I hope that this research will contribute to discussion surrounding the need for more integrated food policy development in order to address the pressing issue of food insecurity, particularly in at-risk regions.
Supervisor: Dr. Chris Furgal
Nikki Auten, 2016
My name is Tayohseron:tye, in English I am Nikki Auten. I am a Kanyen’keha:ka (Mohawk) woman from Tyendinaga, born into the turtle clan. I am 42 years old and the mother of three beautiful spirits.
I come from a background of teaching Kanyen’keha (Mohawk language). I have attended Trent University and received a Diploma in Mohawk Language and an Honours Bachelor of Arts in Indigenous Studies. I have also graduated from Queen’s University’s Aboriginal Teacher’s Education Program. I am attending Trent once again in the Master of Arts in Sustainability Studies exploring how core Indigenous language programs can aid in the resurgence of Kanyen’keha speakers in Kanyen’keha:ka communities.

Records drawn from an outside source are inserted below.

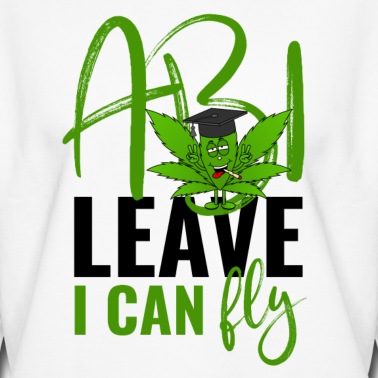 Abschluss Pullover - Abitur Spruch Cannabisblatt Abi Leave I Can Fly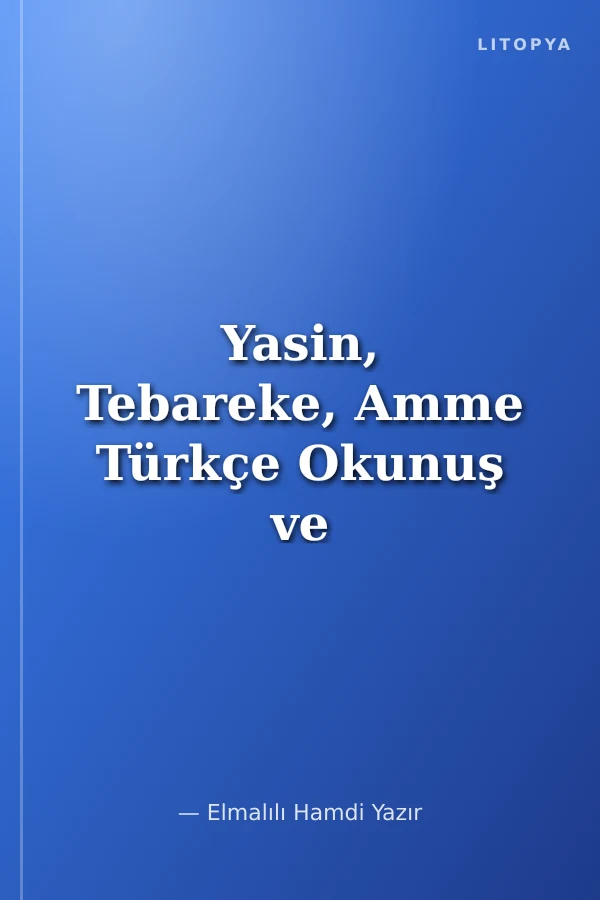 Yasin, Tebareke, Amme Türkçe Okunuş ve Mealleri (Orta Boy, Fihristli, Renkli)
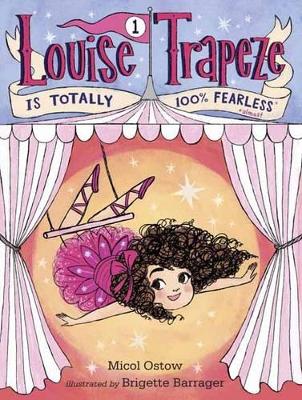 Louise Trapeze Is Totally 100% Fearless book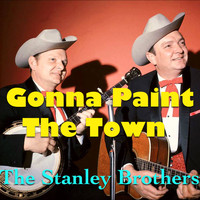 The Stanley Brothers - Gonna Paint The Town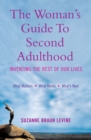 Image for The woman&#39;s guide to second adulthood: inventing the rest of our lives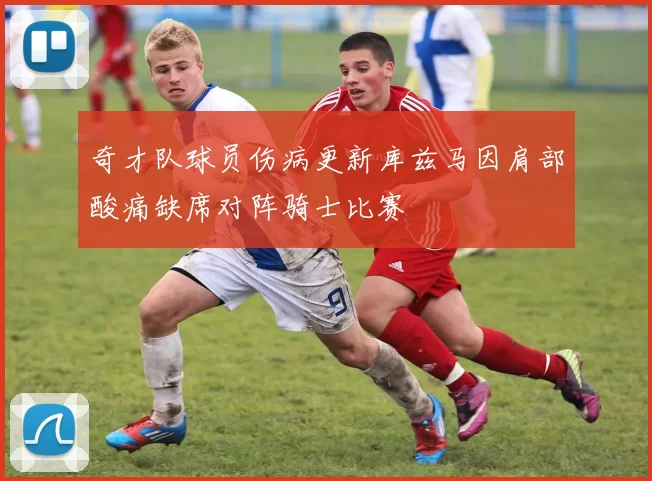 奇才队球员伤病更新库兹马因肩部酸痛缺席对阵骑士比赛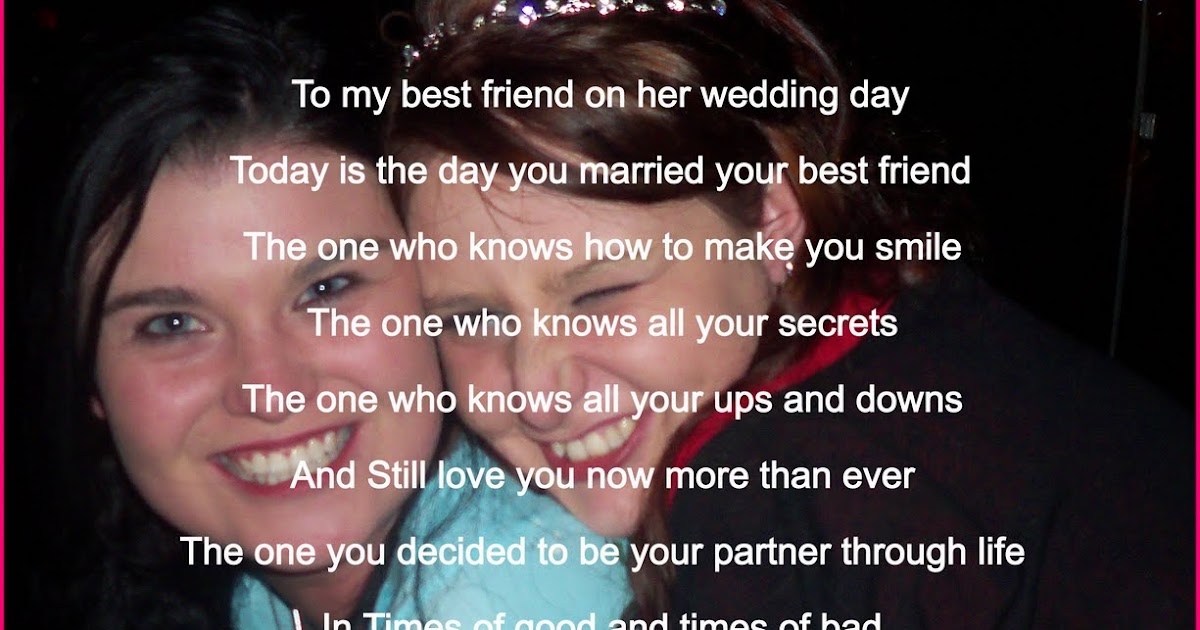 Letter To Your Best Friend On Her Wedding Day Letter To Your Best Friend On Her Wedding Day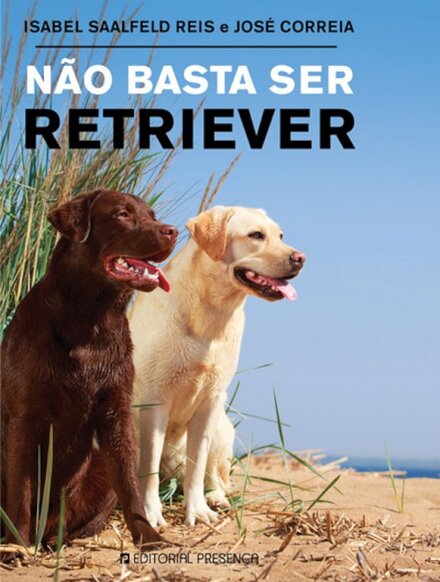 Não Basta Ser Retriever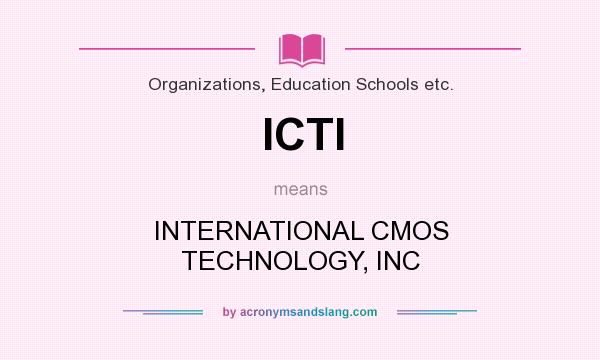 What does ICTI mean? It stands for INTERNATIONAL CMOS TECHNOLOGY, INC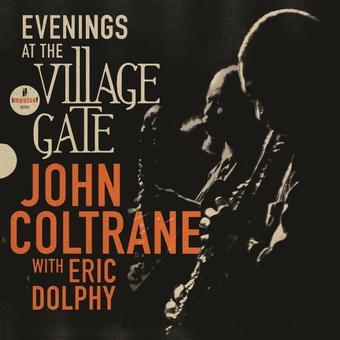 John Coltrane Evenings At The Village Gate: John Coltrane With Eric Dolphy (2LP) Vinyl Record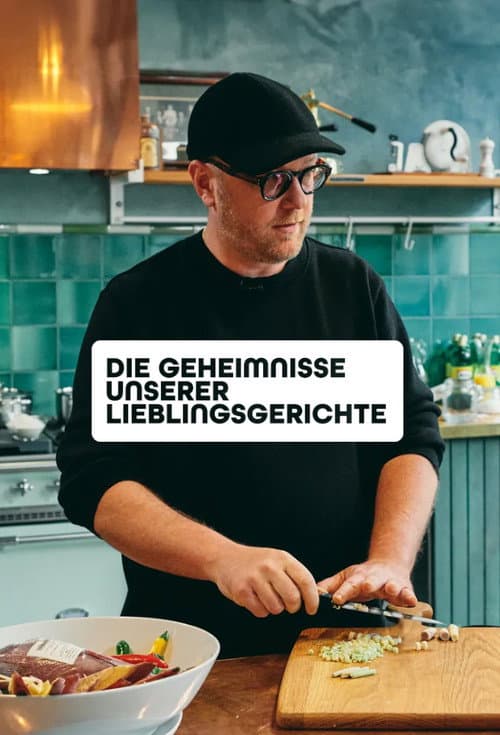 Постер: Die Geheimnisse unserer Lieblingsgerichte
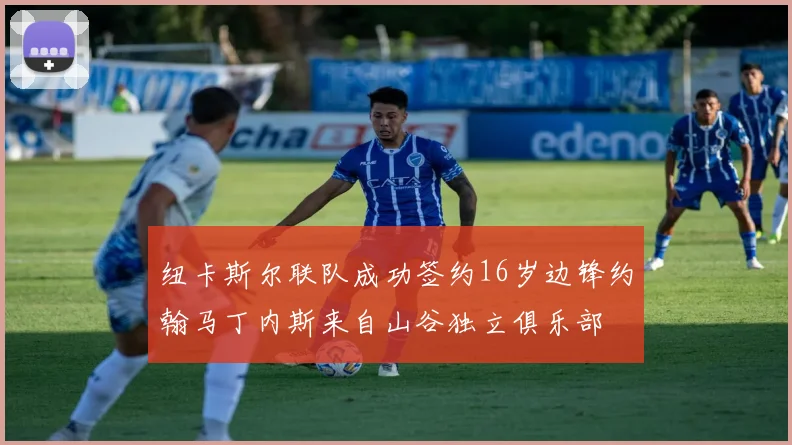 纽卡斯尔联队成功签约16岁边锋约翰马丁内斯来自山谷独立俱乐部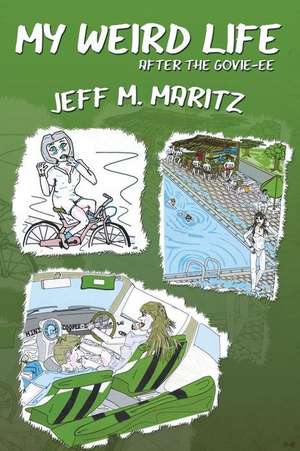 My Weird Life: After the Govie-Ee de Jeff M. Maritz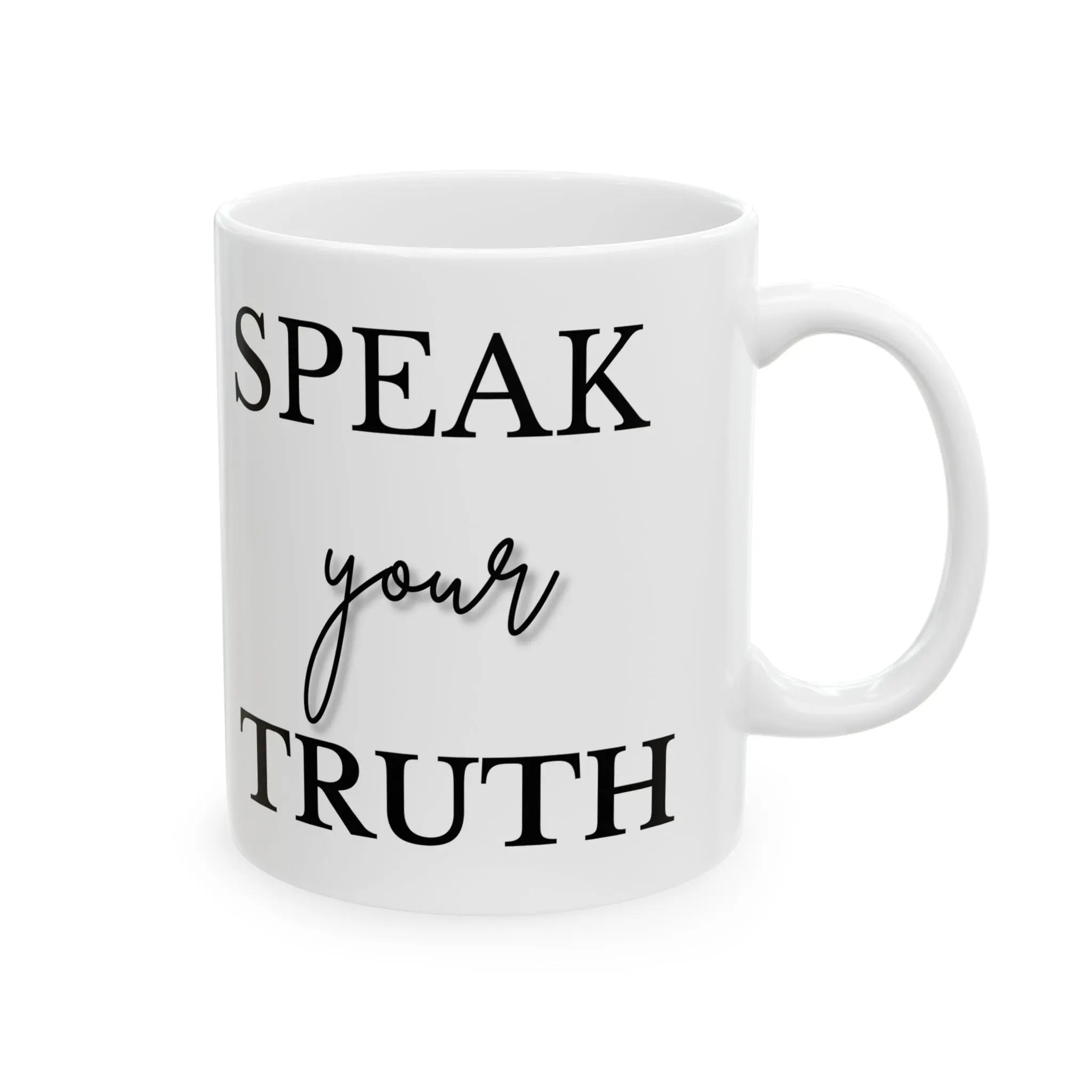 Ceramic Mug Speak Your Truth Product vendor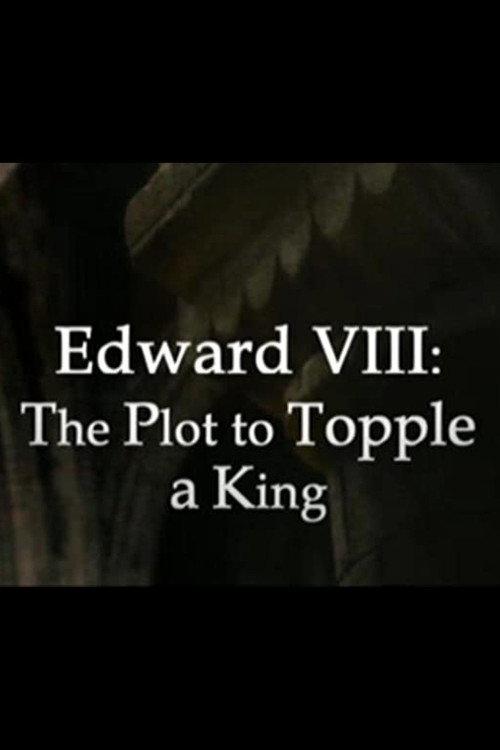 Edward VIII: The Plot to Topple a King 2013 official movie poster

Outside of my academic career, I coordinate a youth Rites of Passage that aids in the growth and development of young people in an effort to prepare them for the next stage in their life, choosing a partner and becoming a parent, through cultural teachings and life skills based on Rotinonhson:ni (Iroquois) teachings.
Supervisor: Dr. Dan Longboat
Sarah Healey, 2016
My Master of Arts Sustainability Studies’ thesis involves an extensive case study analysis of organizational transparency, Corporate Social Responsibility (CSR) standards and CSR reporting. My research consists of exploring successful sustainable CSR frameworks through an inquiry into current “best practices” within the organizational industry. The intent of this research is to generate awareness surrounding CSR and the ability organizations acquire to improve and achieve a superior society in which we live in.